目的 本研究旨在系统评估管电压、电流核、单能量后处理对支架可视化的影响。
方法 使用第三代双源扫描仪的可用管电压设置,在专用体模中放置一个 6 毫米的铬钴外周支架,进行单能量(SE)和双能量(DE)模式扫描。使用最新的卷积核和单能量重建(40-190keV)对 DE 进行图像重建。使用内部构建的自动分析工具分析支架支柱的清晰度(S)、支柱宽度(SW)、对比噪声比(CNR)和有支架与无支架血管之间的伪增强(PE)。通过计算 z 分数对测量值进行标准化。通过将 S 和 SW、CNR 和 SW 以及 PE 和 S 和 SW、CNR 和 PE 相加,将 z 分数组合成支架(SQ)、管腔(LQ)和整体描绘质量(OQ)。两位读者使用 5 分李克特量表对整体支架描绘进行评分。使用线性加权 kappa 计算一致性。使用 Spearman 相关系数计算相关性。

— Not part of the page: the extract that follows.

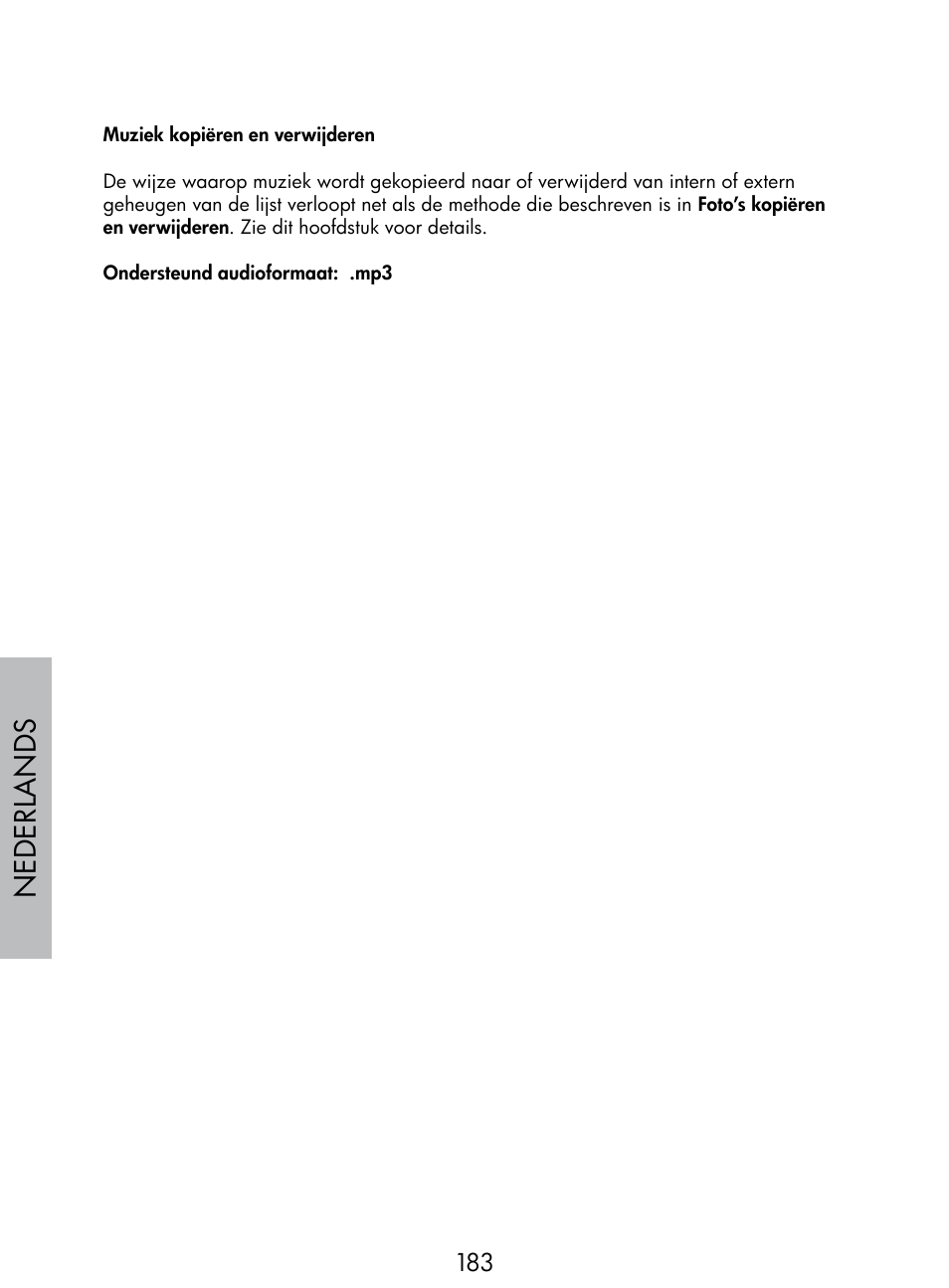 Nede rlan d s | HP DF770 User Manual | Page 184 / 356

结果 S 和 CNR 的最大值分别为[DE;100/Sn150kV;Qr59;40keV]的 169.1HU/pixel 和[SE;70kV;Bv36]的 50.0。SW 和 PE 的最小值分别为[DE;80 至 90/Sn150kV;Qr59;140 至 190keV]的 2.615mm 和[DE;80/Sn150kV;Qr36;190keV]的 0.12HU。SQ、LQ 和 OQ 的最佳组合 z 分数分别为[DE;100/Sn150kV;Qr59;40keV]的 4.53、[DE;100/Sn150kV;Qr59;140keV]的 1.23 和[DE;90/Sn150kV;Qr59;50keV]的 2.95。SE 的最佳 OQ 排名第三,为[SE;90kV;Bv59]的 2.89。主观一致性很好(kappa=0.86;P<0.001),与 OQ 相关性良好(rs=0.94,P<0.001)。
结论 与 SECT 相比,结合最新的核和单能量后处理的 DE CT 采集可改善支架可视化。使用 Qr59 内核从 DECT 90/Sn 150kV 采集获得的 50keV 单能量重建可获得最佳的整体结果。